Pendant que Pascal faisait le guet dans les environs de la Gare St-Lazare l’abbé Marcotte s’était posté aux abords de l’Hôtel Provençal.

Il était dans un petit débit de tabac qui, sur l’autre côté de la chaussée, faisait coin avec l’hôtel. Tout en fumant un cigare qu’il s’était fait servir par la tenancière, il tenait, par le vitrage de la porte, un œil observateur sur l’entrée principale de l’hôtel.

Là, avait-il pensé en lui-même, il se trouverait plus à portée de courir au secours de Violette, au cas où la jeune fille se trouverait en danger.

Il vit le fiacre portant Violette et Raoul s’arrêter devant l’hôtel. Il reconnut Violette, mais non l’officier qu’il prit pour un ami quelconque, de la jeune fille. Du point où il était il n’avait pu voir la figure du lieutenant.

— J’aime mieux ça, murmura-t-il.

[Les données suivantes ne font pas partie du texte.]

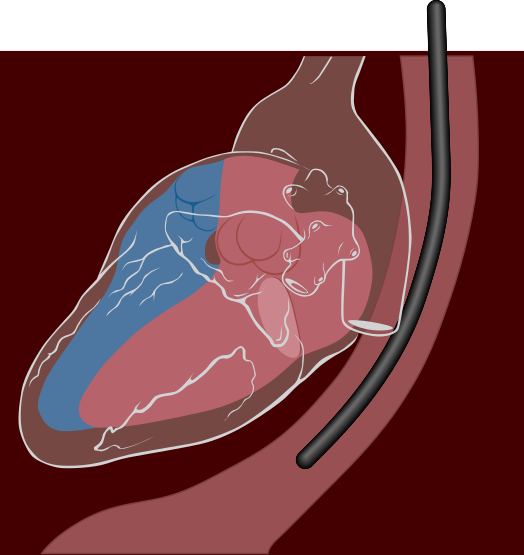 File:Transesophageal echocardiography diagram.svg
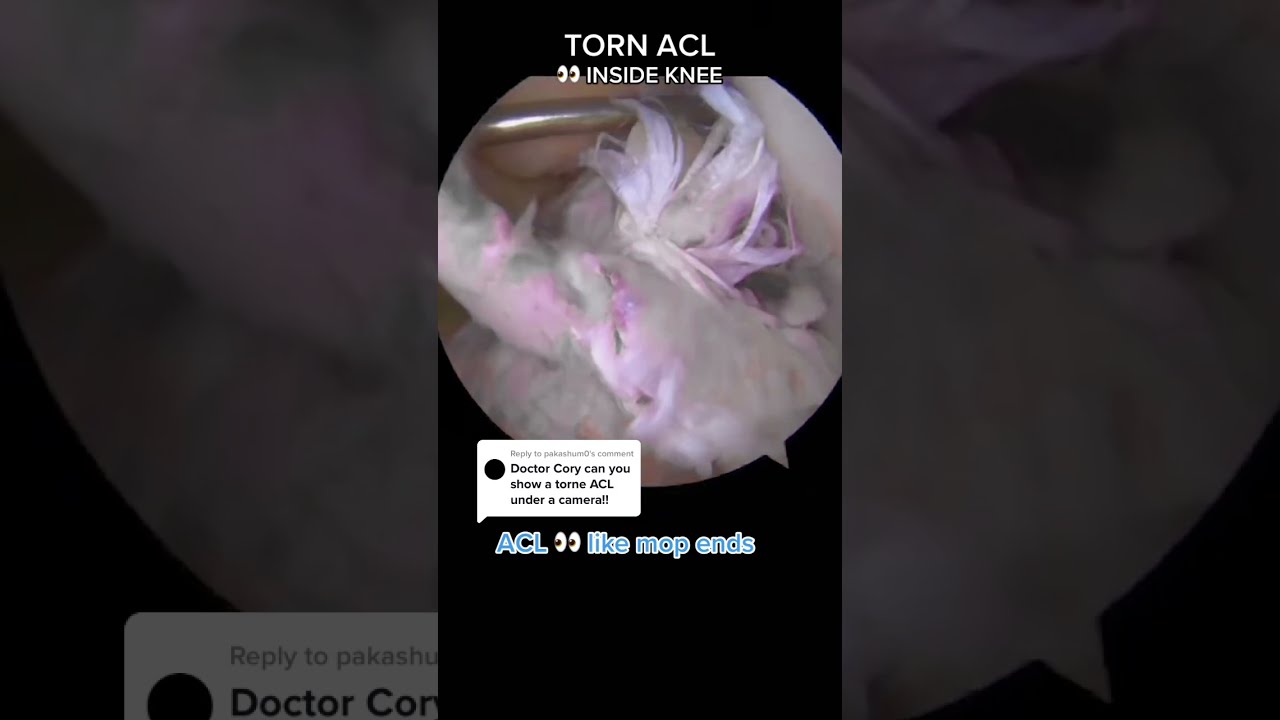 ACL Inside The Knee Torn Vs NEW Shorts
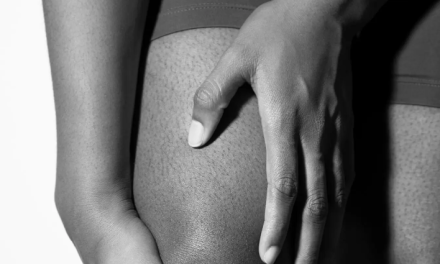 ¿Artritis de rodilla? El ejercicio puede ayudar a controlar el dolor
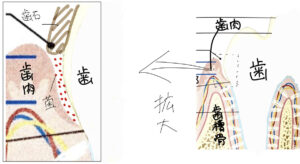 歯石で蓋をされた歯周ポケットに歯周病病原菌が増える様子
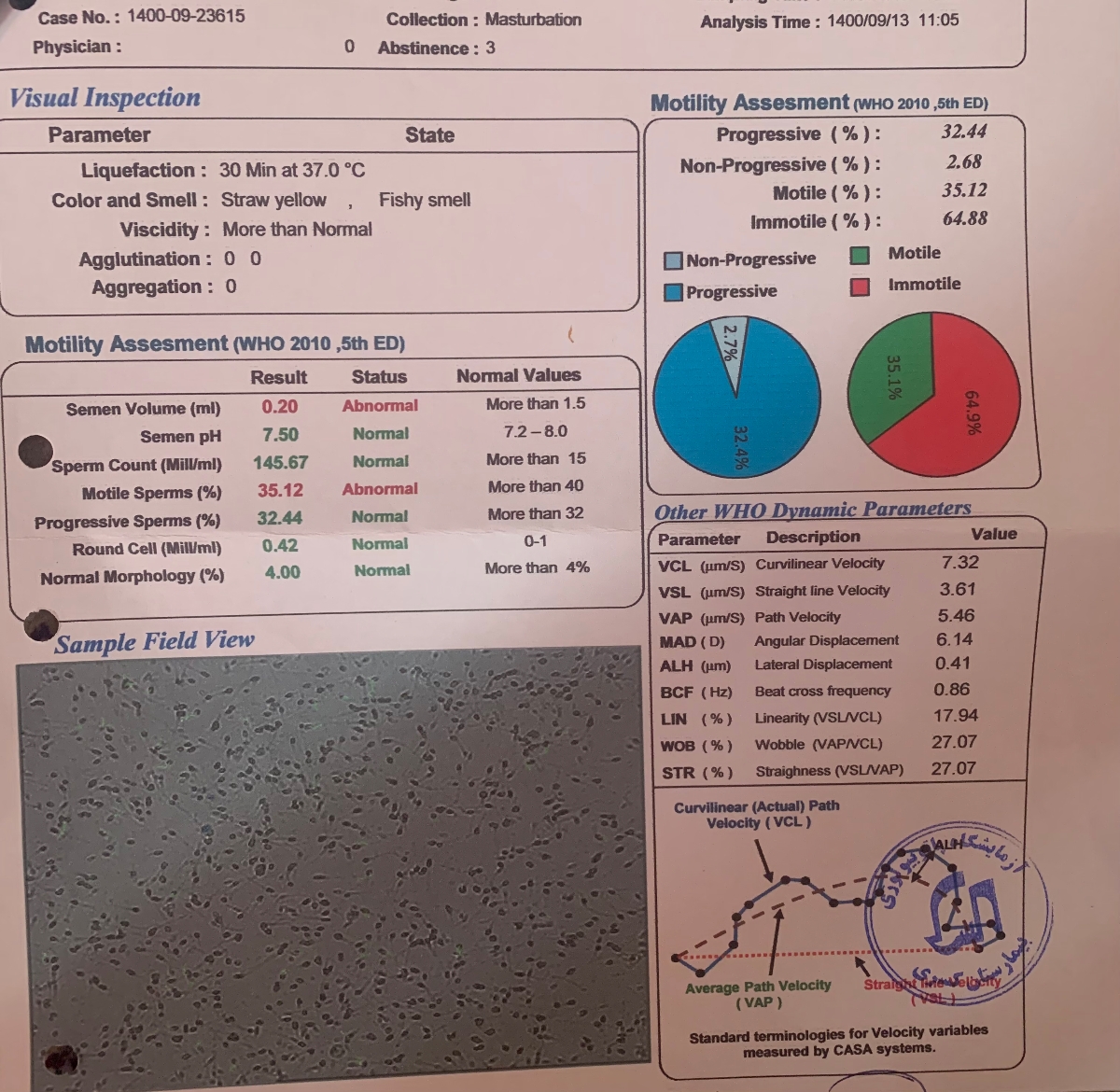تفسیر جواب آزمایش اسپرم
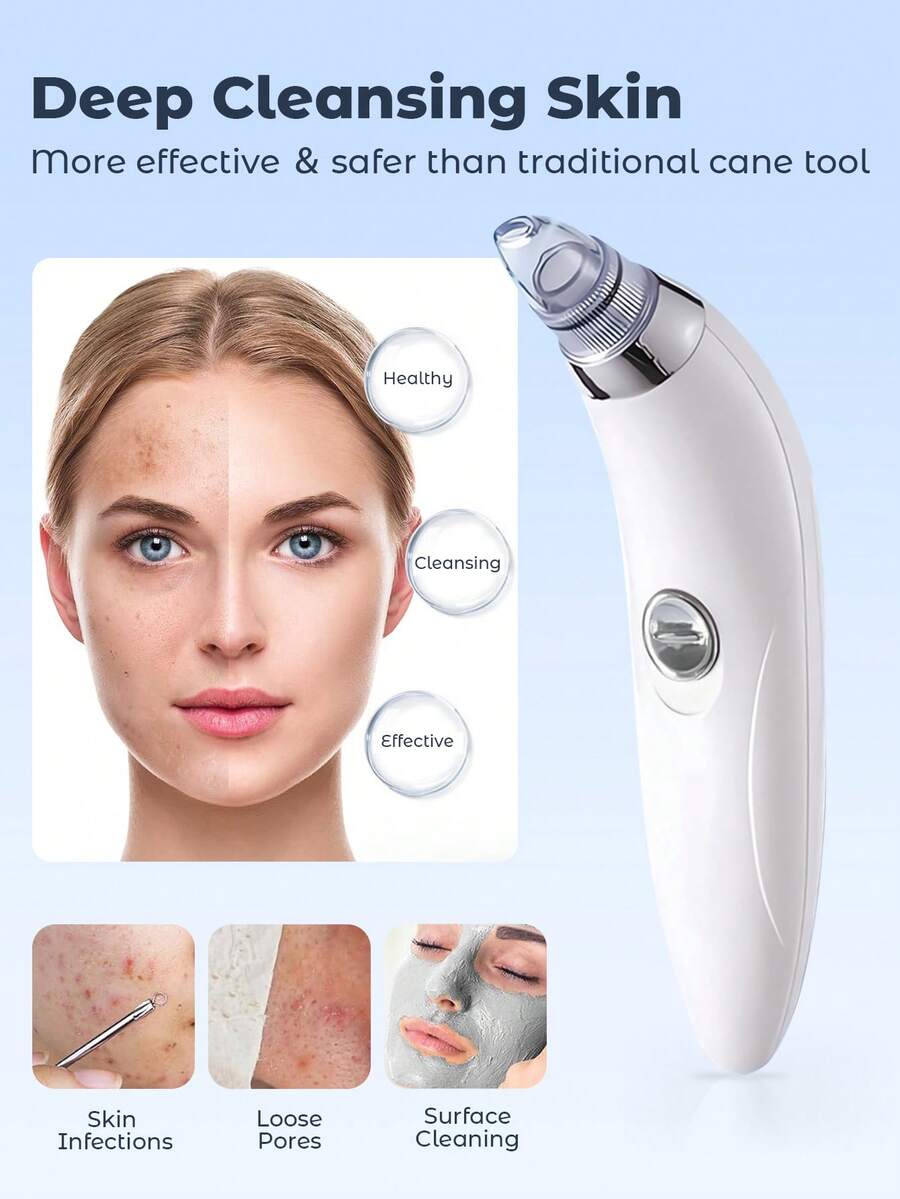 Blackhead Vacuum Remover, Powerful Portable Facial Pore Cleaner With 4 Probes, Remove Blackhead In Gentle And Way Without Squeezing Pain For Women And Men. Your Personal Professional Beautician.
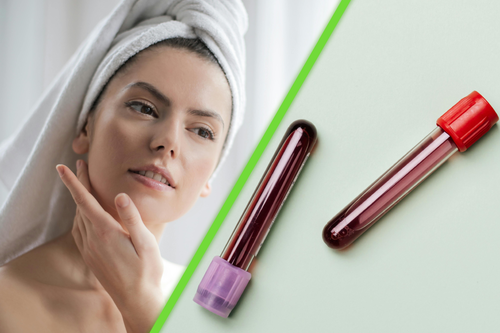 La ciencia acaba de descubrir cómo la sangre joven reactiva células para rejuvenecer la piel humana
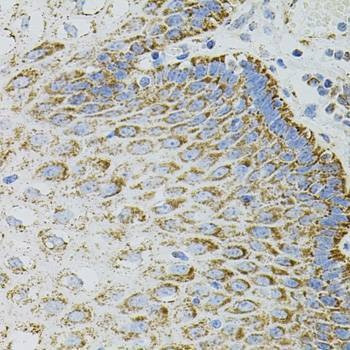 Anti-EPO Antibody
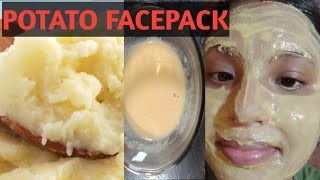 Potato Face pack for skin whitening  7Day challenge  Potato amp Besan Face pack [upl. by Aicilec]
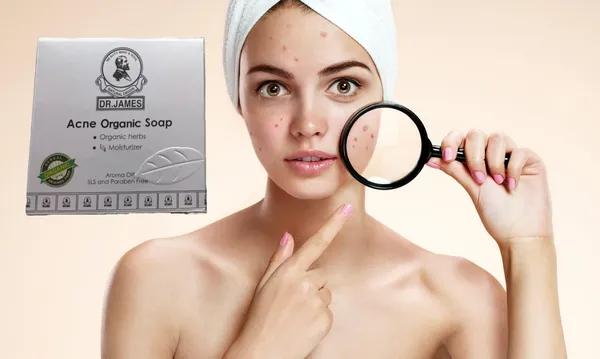 Dr_James_Acne_Organic_Soap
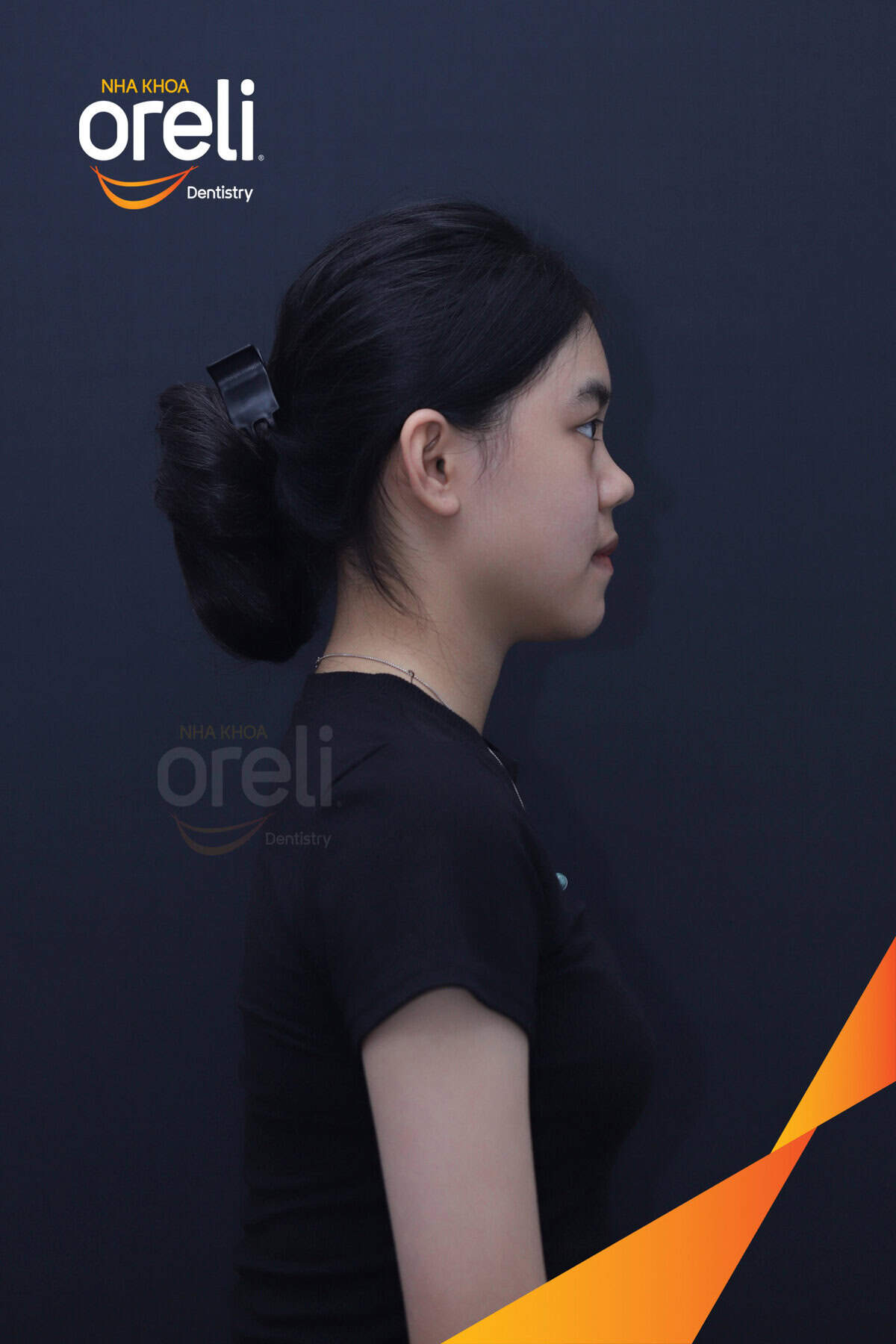 Răng sau khi niềng tại Oreli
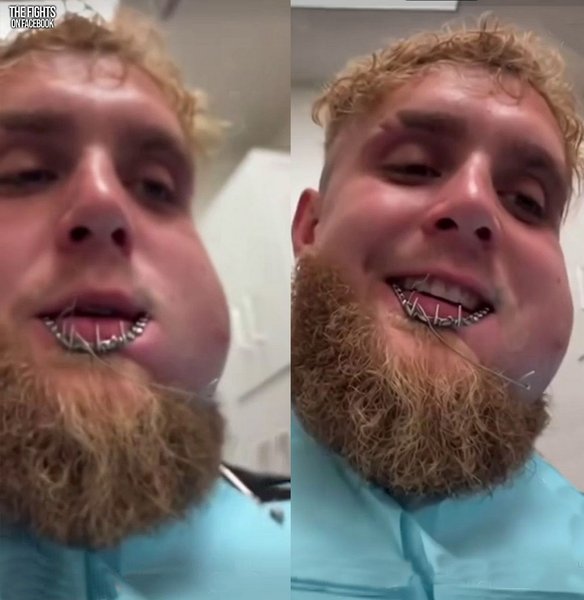 джейк пол зламана щелепа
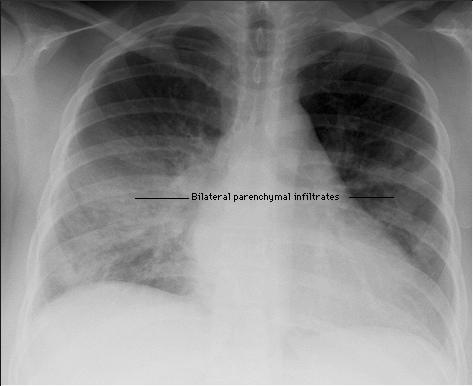 Case 1 Chest x ray:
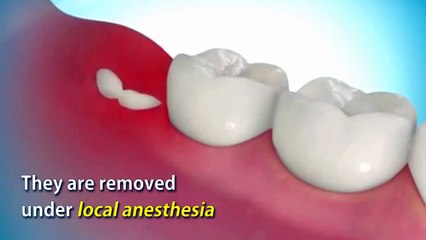 Wisdom Tooth Removal - Health Care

Après tout elle ne parait pas être en trop mauvaise compagnie.

Violette et Raoul pénétrèrent dans l’hôtel.

L’abbé Marcotte, tout en causant avec la débitante de tabac demeura à son poste.

Vingt minutes environ s’écoulèrent, lorsque les regards de l’abbé furent attirés par un personnage vêtu en clergyman qui gagnait l’hôtel et y entrait.

Comme nous le savons, c’était le docteur Randall, et l’abbé le reconnut de suite.

Et tout de suite il fut saisi d’un sombre pressentiment en songeant que Violette allait se trouver exposée peut-être à la méchanceté du docteur. Mais la présence de l’officier inconnu, qu’il n’avait pas vu ressortir de l’hôtel, le rassura

…Mais alors une inspiration subite jaillit à son esprit.

Il salua la débitante de tabac et sortit.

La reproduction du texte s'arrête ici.